Mas ainda se realiza a Campanha da Fraternidade, movimento de Igreja que, neste 2025, tem o lema “Fraternidade e Ecologia Integral”. O texto base elaborado pela CNBB – Conferência Nacional dos Bispos do Brasil já começa com o Gênesis: “Deus viu que tudo era muito bom”.
É algo que faz pensar. Tudo era muito bom e nós colaboramos para fazer o bom ficar ruim. É aquilo que fazemos com a natureza, que tratamos como estática fonte de recursos de onde tudo se tira, nada se repõe. Por isso a Igreja, sob a liderança de um Papa ecológico, o Francisco, inspirado no pobrezinho de Assis, que a todos chamava “Irmão” e “Irmã”, novamente invoca a responsabilidade cristã em relação ao ambiente.
O Papa Bergoglio já produziu três importantes documentos ecológicos. E, nesta Quaresma, o objetivo geral é promover, em espírito quaresmal e em tempos de urgente crise socioambiental, um processo de conversão integral, ouvindo o grito dos pobres e da Terra.
Que importante refletir sobre isso. Ouvir o grito dos pobres, as vítimas preferenciais dos fenômenos extremos que constituem a resposta da natureza ferida aos atentados que sempre sofreu e ouvir o grito da Terra. A Terra está a berrar, a esgoelar, a perder condições de se recuperar, tamanha a crueldade de quem a polui, conspurcando o solo, a água e a atmosfera. De quem desmata. De quem machuca o verde. De quem priva de abrigo e alimento os homens, os pássaros, os peixes, a flora.
É mais do que necessário recordar do Homem do Milênio, Francisco de Assis, e reconhecer o caminho percorrido e as ações já iniciadas com a Encíclica Laudato Si, para que elas tenham continuidade e sejam fortalecidas. Também ter coragem de denunciar os males que o modo de vida atual impõe ao planeta, cuja consequência é gerar uma complexa crise socioambiental, desrespeitando a regra divina de que, em nossa Casa Comum, tudo está interligado.
Quantos ainda não conseguem compreender que tudo está estreitamente interligado.

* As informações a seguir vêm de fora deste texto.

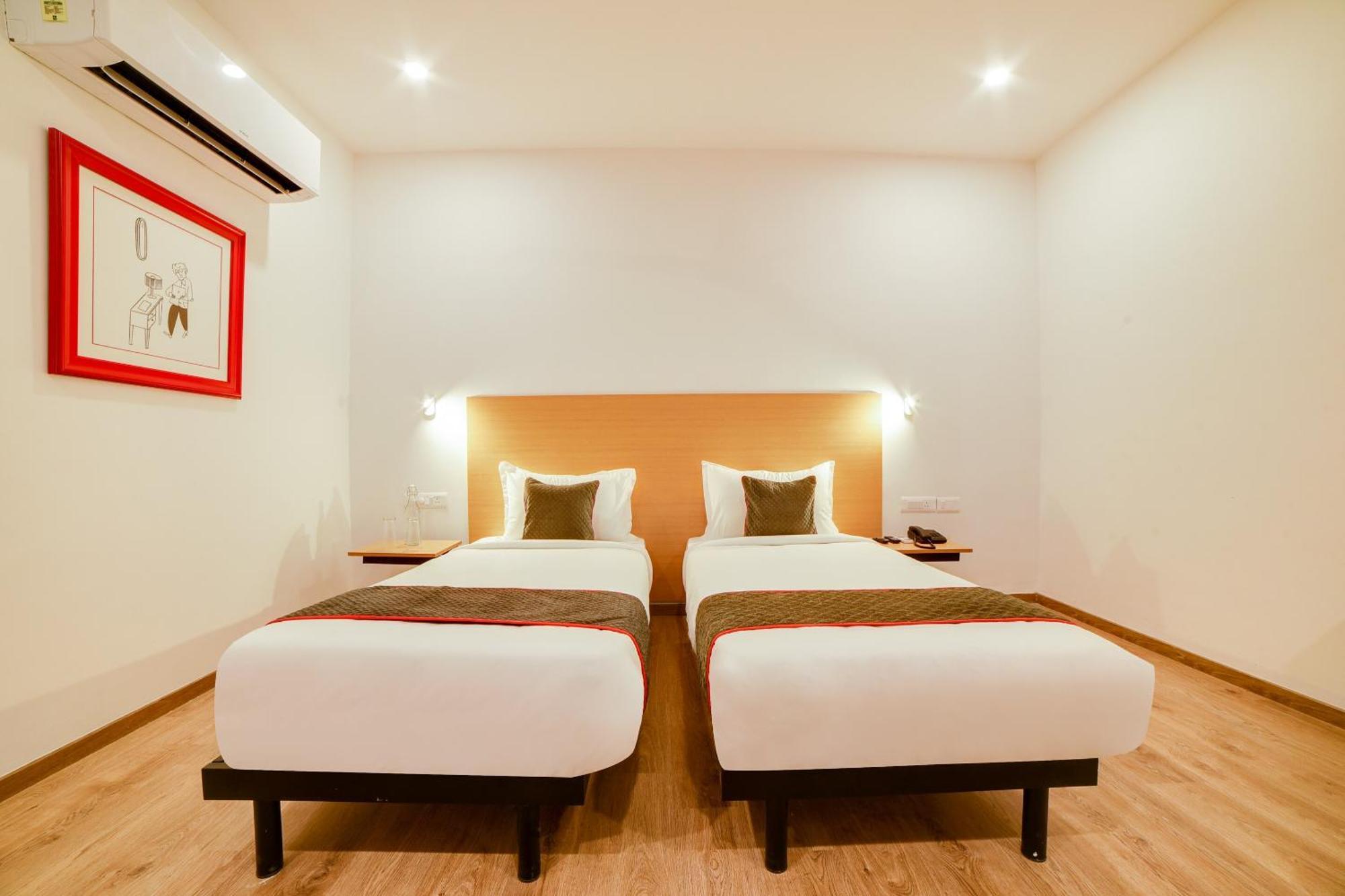 Super Townhouse Hosur Main Road Bommanahalli Near Gopalan Innovation Mall Бангалор Экстерьер фото
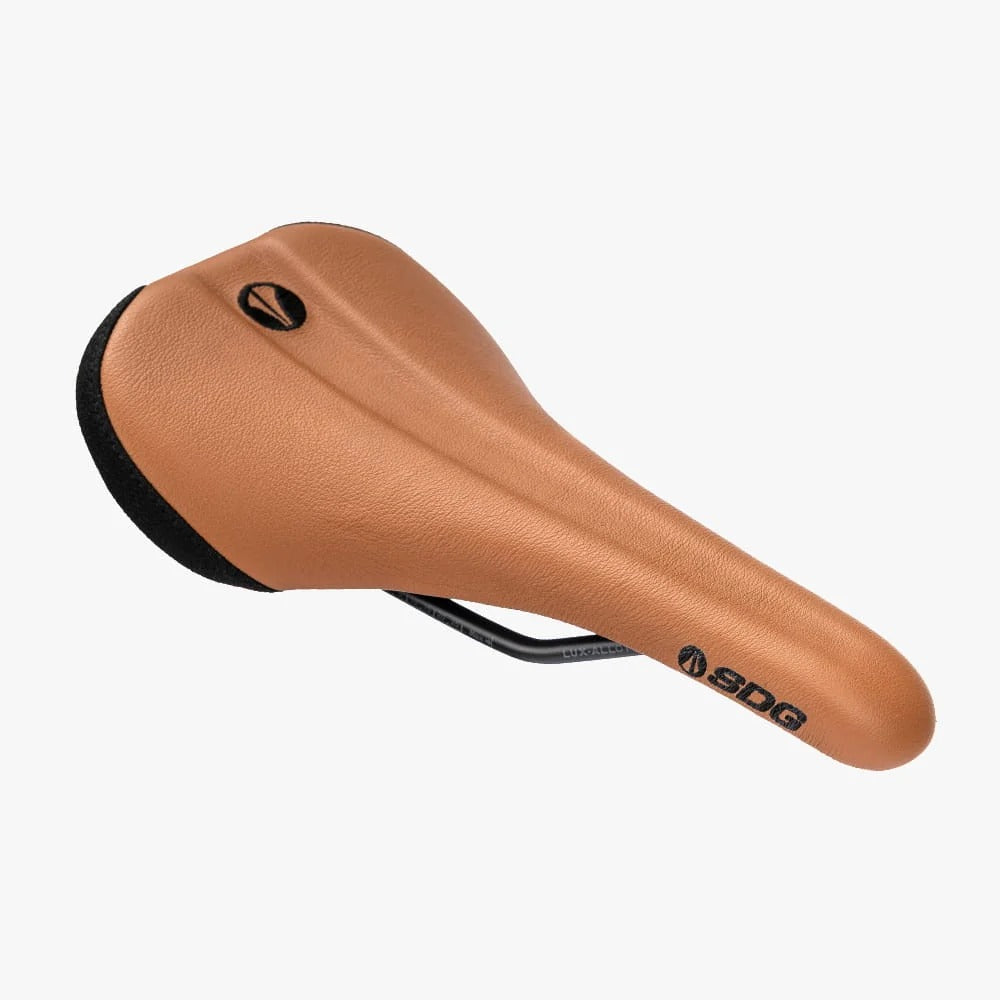 Selim SDG BEL-AIR V3 com carris Lux-Alloy em pele
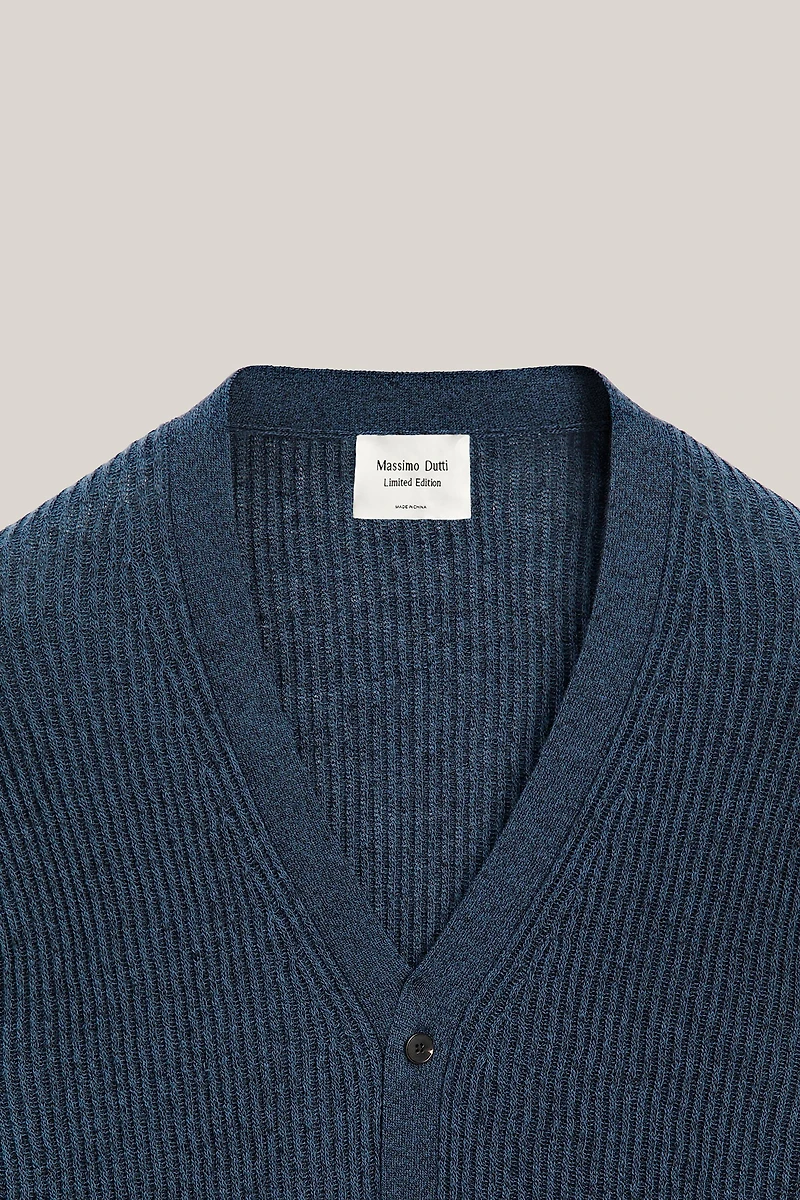 Knit V-neck cardigan - LIMITED EDITION
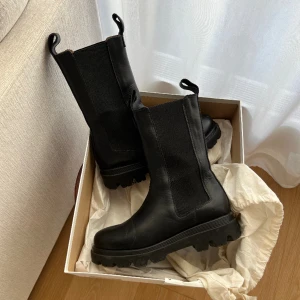 Flattered LIA boots - Endast använda en gång. Nypris 3195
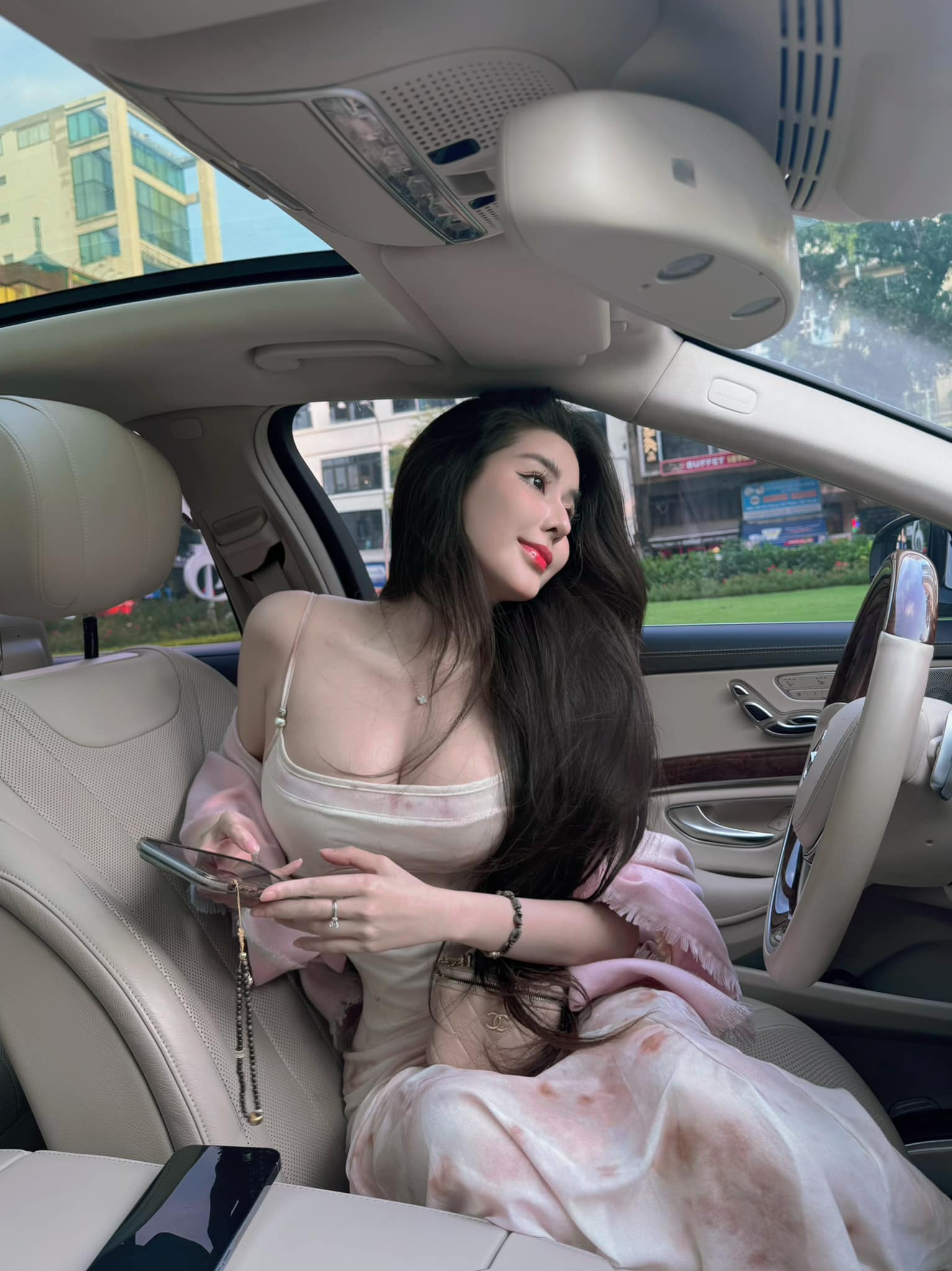 Võ Ngọc Trân’s Sweet Driver Role Has Fans Calling Her the Perfect Wife 4 3917673893530956040486561778158929393614702n 17008952754131025406344 1700910787619 17009107877721571885517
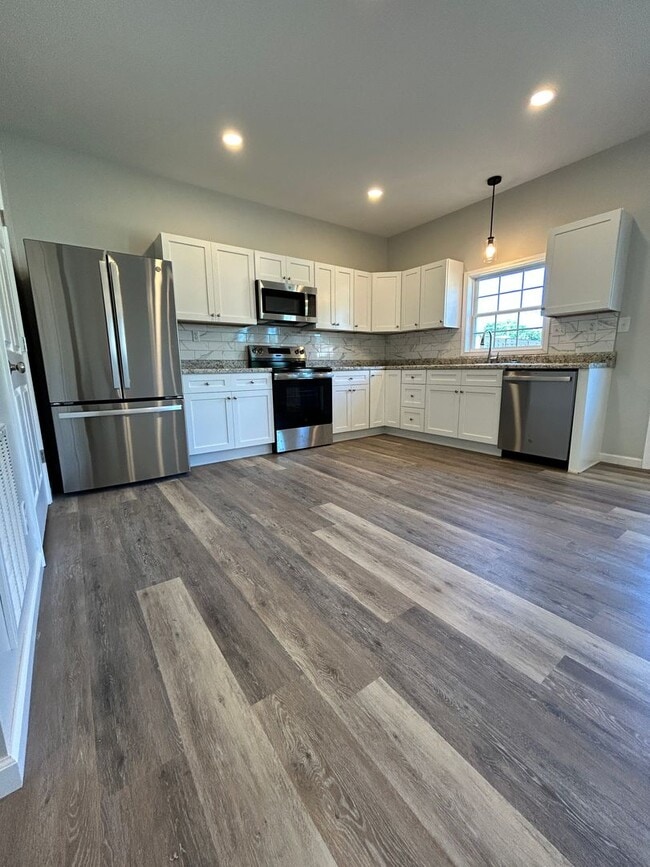 Photo - 1524 Brown Ave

Há diferença quase nenhuma entre todas as espécies de vida. Por isso é que a água é nossa irmã, a árvore é nossa irmã, o cavalo é nosso irmão, as andorinhas e os pardais são nossos irmãos.
Quando deixamos a biodiversidade morrer, também morremos um pouco. Somos apenas um elo, e talvez não o mais importante, dessa complexa cadeia em que tudo tem importância, embora a ignorância o não perceba. Quais as causas da grave crise climática global, em que as mudanças já passaram a ser urgências, e as nossas respostas nem sempre racionais, mas calcadas no interesse do lucro, na ganância que só aprofunda a situação miserável do planeta e dos que moram nele.
Que a Campanha da Fraternidade nos leve a assumir a solidariedade em relação a todas as categorias vitais que medram neste planeta. Não sobra muito tempo para a conversão ecológica. O agravamento da situação climática é evidente. Quem pode negá-lo? E lembrar sempre que não é a Terra que perecerá. Ela continuará a existir, como astro bastante insignificante no Cosmos. Mas prescindirá da espécie humana para isso.